GET OVER IT
Nina Willdorf
Get Over It opens with a guy getting dumped on his soon-to-be-exposed
ass and a pirouetting UPS delivery woman jumping into the arms of dancing
garbagemen who are bounding to the poppy tunes of a gyrating Carmen Electra. It
gets better.
Trying to win back girlfriend Allison (Melissa Sagemiller), Berke (Ben Foster)
enlists the sexy Kelly (Kirsten Dunst) as his theater tutor. Allison has fallen
into the arms of Chook (Park Bench), a boy-band-member transfer student with
"an accent like Madonna," and the two plan on auditioning for the school play,
a bastardized musical version of A Midsummer Night's Dream. As soon as
Berke stops tripping over himself to win back his woman, he sees Kelly as a
hottie rather than his best friend's snot-nosed little sister, and he succumbs
to her alternately sunny and sultry wiles.

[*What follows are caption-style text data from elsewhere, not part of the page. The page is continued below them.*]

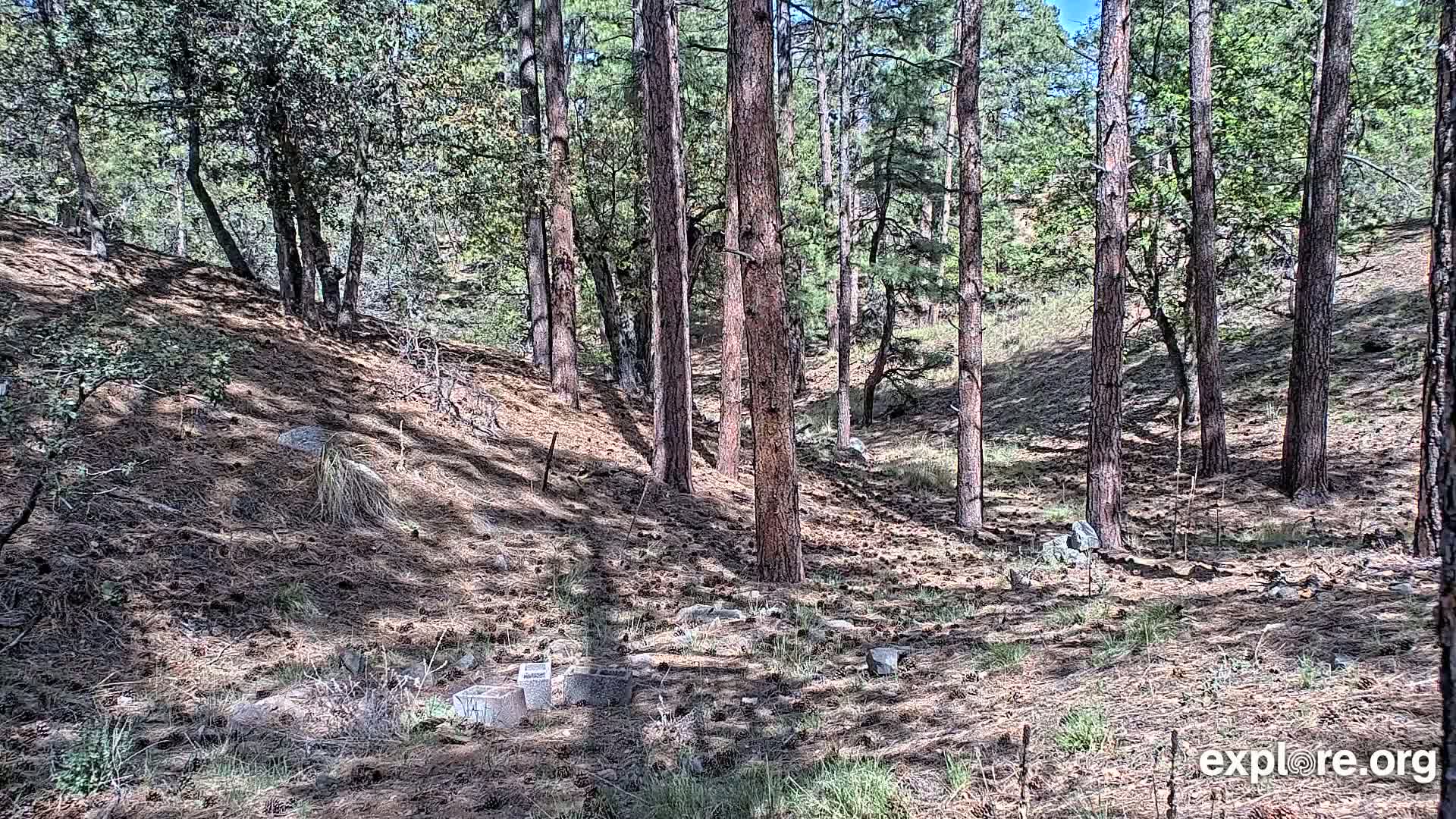 A sunny day in a pine forest with a dirt ground covered in pine needles and a few scattered rocks, showing some small, light-colored square objects near the bottom.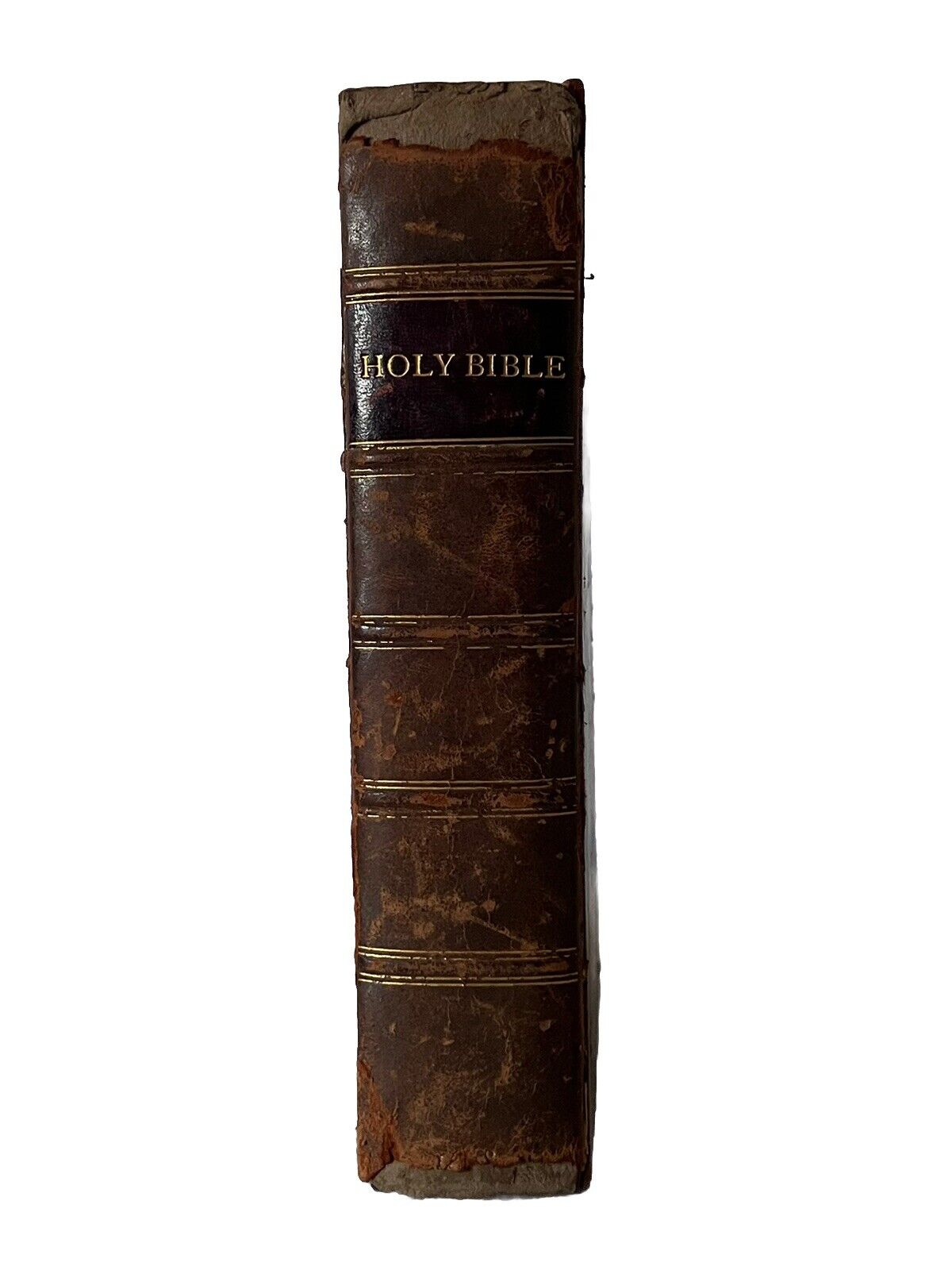 1609 Antique Bible GENEVA BIBLE "Breeches" King James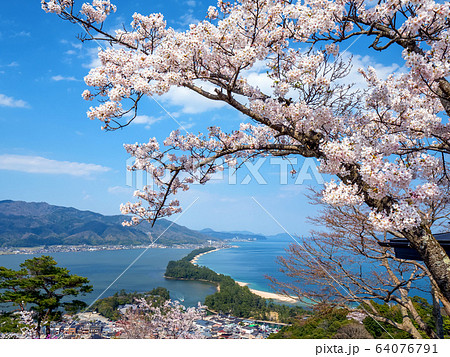 日本三景の天橋立 桜が満開の丹後半島天橋立 64076791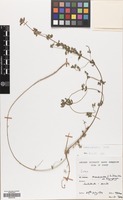 Filed as Lotus palustris Willd. [family LEGUMINOSAE]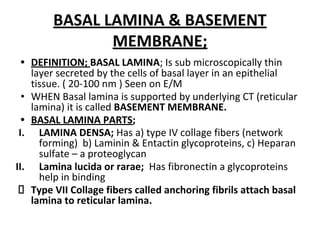 Epithilial Tissues,HISTOLOGY,MBBS,1ST YEAR | PDF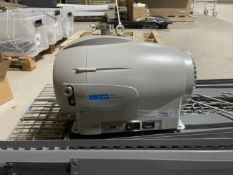 Dry Scroll Pump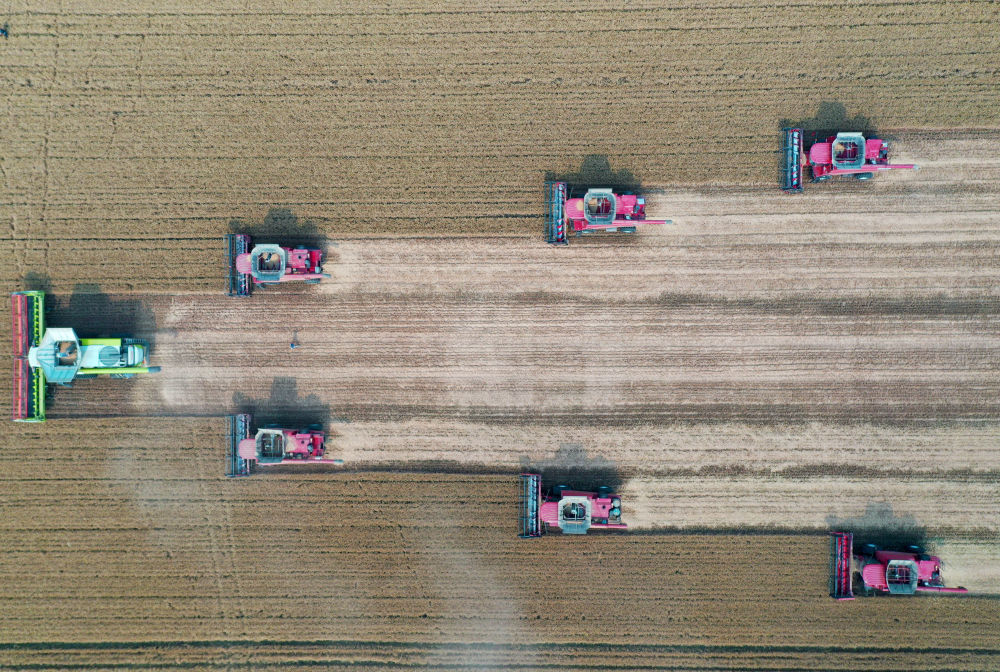 5月29日，在河南省西华县黄泛区实业集团农业第四分公司的麦田里，农机手操作收割机收获小麦（无人机照片）。新华社记者 郝源 摄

Director Tommy O'Haver (Billy's Hollywood Screen Kiss) errs with cheesy dream
sequences and schmaltzy numbers (think stardust and predictable chord changes).
But Martin Short's ridiculous rendition of the fey has-been theater coach
steals the show. This latest addition to the typical trash heap of teen
romantic comedies is, in fact, hard to get over.